🤖 AI Summary
This work addresses the challenge of high-dimensional Bayesian spatial field reconstruction—such as inverting three-dimensional permeability fields in porous media—by proposing a finite element–native variational inference framework. The approach integrates stochastic partial differential equation (SPDE) priors with a Cholesky parameterization of sparse precision matrices, enabling, for the first time, full-covariance variational reconstruction at scales exceeding 400,000 dimensions with only O(n) memory overhead.

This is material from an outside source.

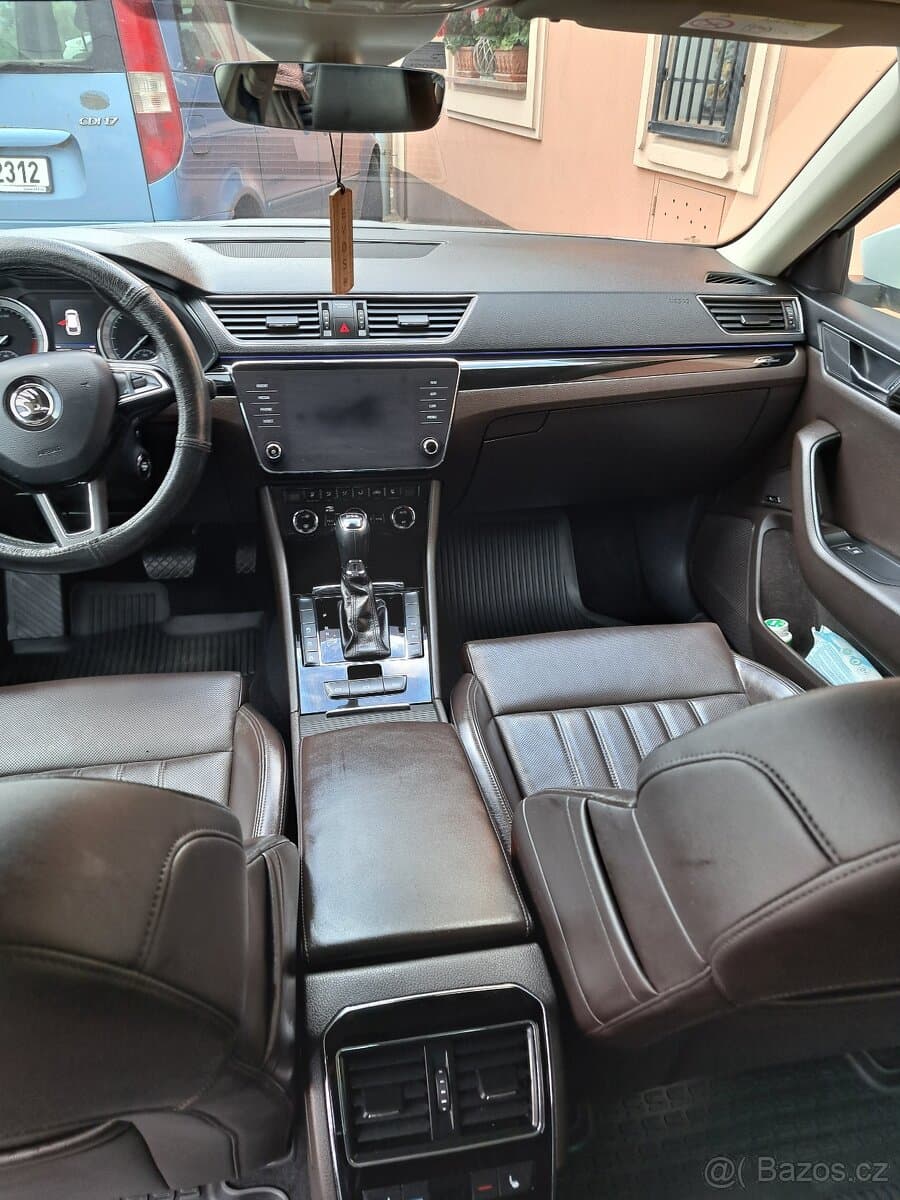 2018 Škoda SUPERB - 4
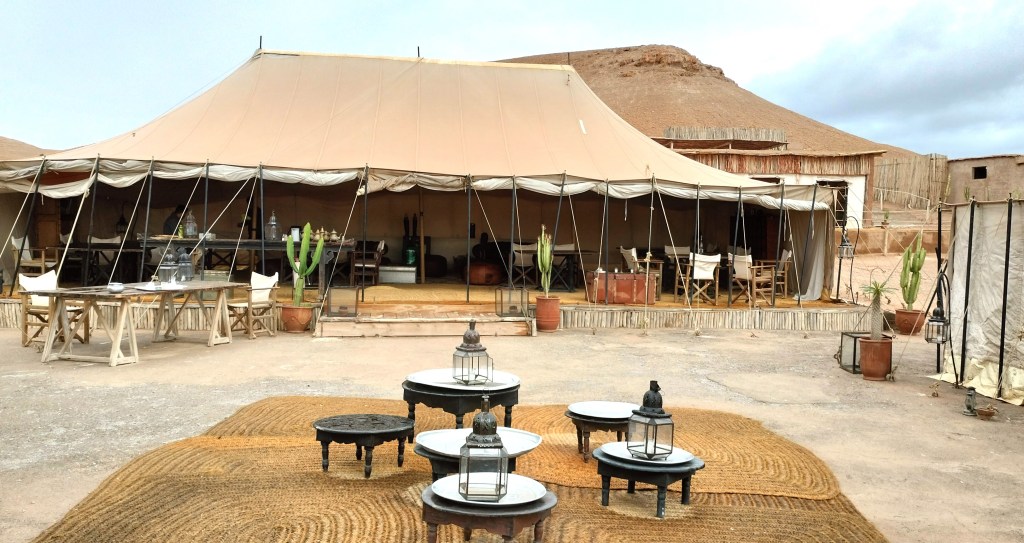 Tente restaurant Campement Scarabeo camp Agafay Maroc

By implicitly representing the dense posterior covariance, employing pathwise derivative-based ELBO gradient estimation, adopting an automatic coarse-to-fine continuation strategy within a VB-EM scheme, and leveraging natural gradient optimization, the method substantially enhances both reconstruction accuracy and computational efficiency. Experimental results demonstrate its clear superiority over state-of-the-art methods in recovering critical spatial structures.
📝 Abstract
We present a unified, finite-element-native variational inference framework for very high-dimensional Bayesian spatial field reconstruction in physics-based problems governed by partial differential equations (PDEs) that are nonlinear in the inferred parameters. The framework delivers a full-covariance Gaussian variational posterior, with a probabilistic treatment of all prior and likelihood hyperparameters, on a three-dimensional curved finite-element discretization at a stochastic field dimension exceeding 400000. To our knowledge, this is the first full-covariance variational reconstruction at this scale, complementing the low-rank Hessian-Laplace approaches that dominate extreme-scale Bayesian inversion. The spatial prior is derived from the stochastic PDE (SPDE) connection and formulated natively in terms of finite-element (FE) operators. The sparse Gaussian variational distribution is parameterized via its precision Cholesky factor, with the sparsity pattern inherited from the domain's Laplacian. Unlike covariance-based sparse parameterizations, which encode only short-range correlations, the sparse precision implicitly represents dense posterior covariances through its sparse inverse, yielding smooth, physically plausible samples at O(n) memory cost and enabling direct evidence-lower-bound (ELBO) gradients via the path-derivative (sticking-the-landing) estimator. Natural gradient strategies stabilize convergence, while a variational Bayes expectation-maximization (VB-EM) loop marginalizes all hyperparameters analytically and induces an automatic coarse-to-fine continuation. The framework is demonstrated on Bayesian permeability field reconstruction for a porous-media flow problem, recovering all major spatial features with high fidelity. Algorithmic ablation and comparison with alternative inference methods quantify the improvements over state-of-the-art baselines.